As SDI's critics have maintained, the ability of such systems to defend us is at best debatable, but they might support a United States first strike - a nuclear war the US could initiate by launching an attack that wiped out most Soviet nuclear weapons. Besides destroying Soviet communications satellites, Brilliant Pebbles could aid a first strike by destroying many of the missiles the Soviets would have left to launch. Thus, if deployed, Brilliant Pebbles would be enormously threatening and destabilizing.
Brilliant Pebbles is not a new concept, but its present version was proposed by Dr. Lowell Wood of Lawrence Livermore National Laboratory about a year ago as a simple, inexpensive, and quickly deployable first-phase alternative to the Space-Based Interceptor. Up to 100,000 small hit-to-kill missiles would be launched into space, each with its own sensing system and computer. The original estimate of their weight and length was 5 pounds and 3 feet, and the suggested cost was as little as $20,000 apiece. They would orbit a few hundred miles above the earth in individual protective cocoons until released in the event of a nuclear attack. After sensing and identifying a target, they would speed to it, destroying it by colliding with it. The autonomy of the missiles would eliminate the need to develop battle management software to coordinate them, and the low cost would permit enough missiles to ensure needed redundancy.
It was claimed this weapon could be built with ``off-the-shelf'' technologies, even though it was supposed to use a nonexistent computer the size of a deck of cards. More realistic appraisals put the cost per missile at ``several'' hundred thousand dollars and the launch weight at about 100 pounds. Deployment in orbit would require 152 space shuttle trips at a cost of $15 billion, in addition to the ``several'' tens of billions of dollars for the missiles themselves.

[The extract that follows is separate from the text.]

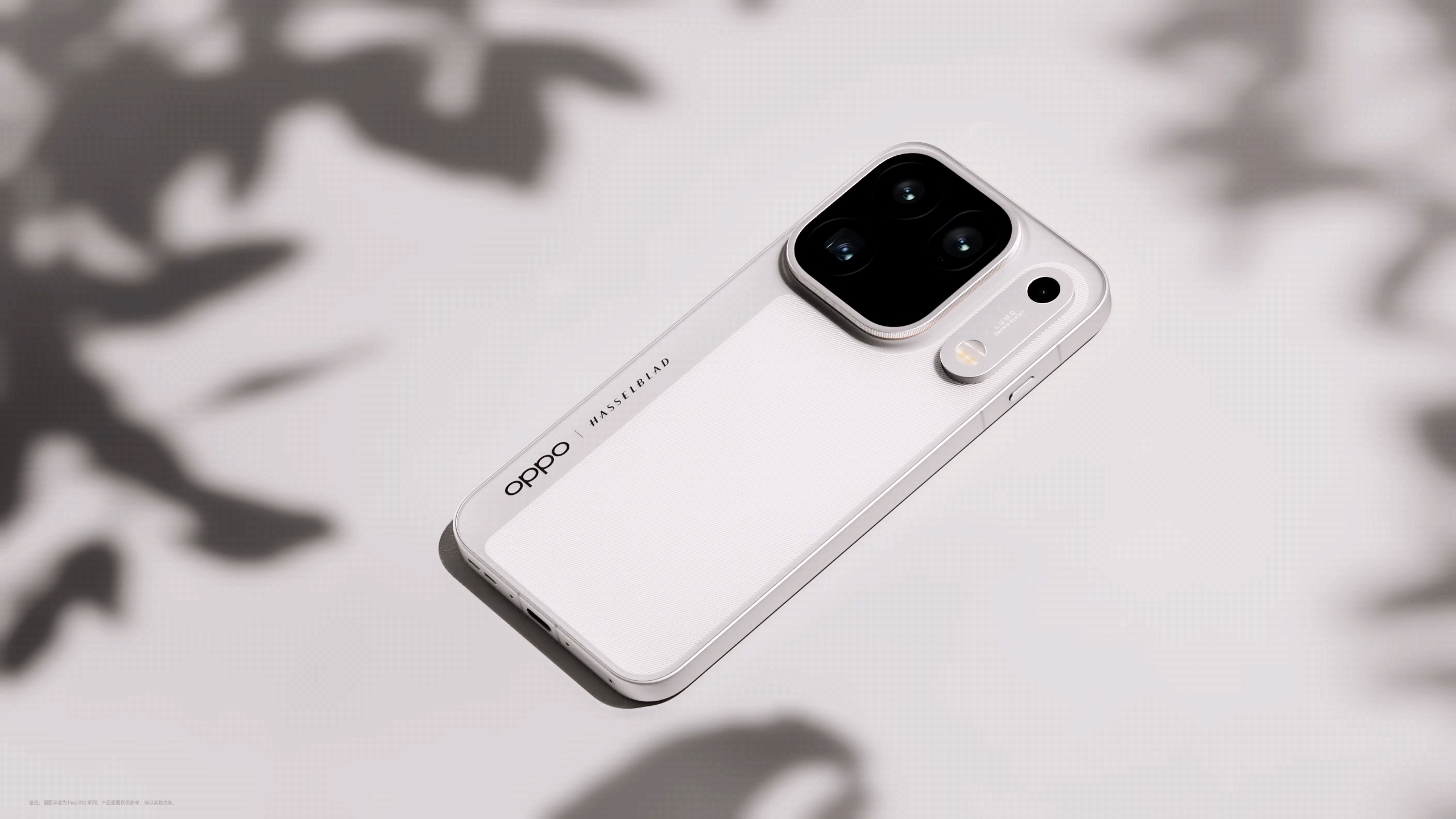 OPPOFindX10外观亮相OPPO Find X 10 Pro Max这颜值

It is unlikely the US could put a million pounds of metal and 9 million pounds of fuel into low earth orbits in the face of probable international outrage. If a partial system with fewer missiles were deployed, the Soviet Union would be forced to respond in kind, initiating a destabilizing situation with the advantage going to the country that attacked first.
Brilliant Pebbles' sole purpose is to get something deployed in space, abrogating the Anti-Ballistic Missile Treaty and giving the arms race a space spiral. Instead of contributing to national defense, Brilliant Pebbles would threaten international stability. At best it would be a waste of money. This concept should receive the treatment it deserves. It should be scrapped.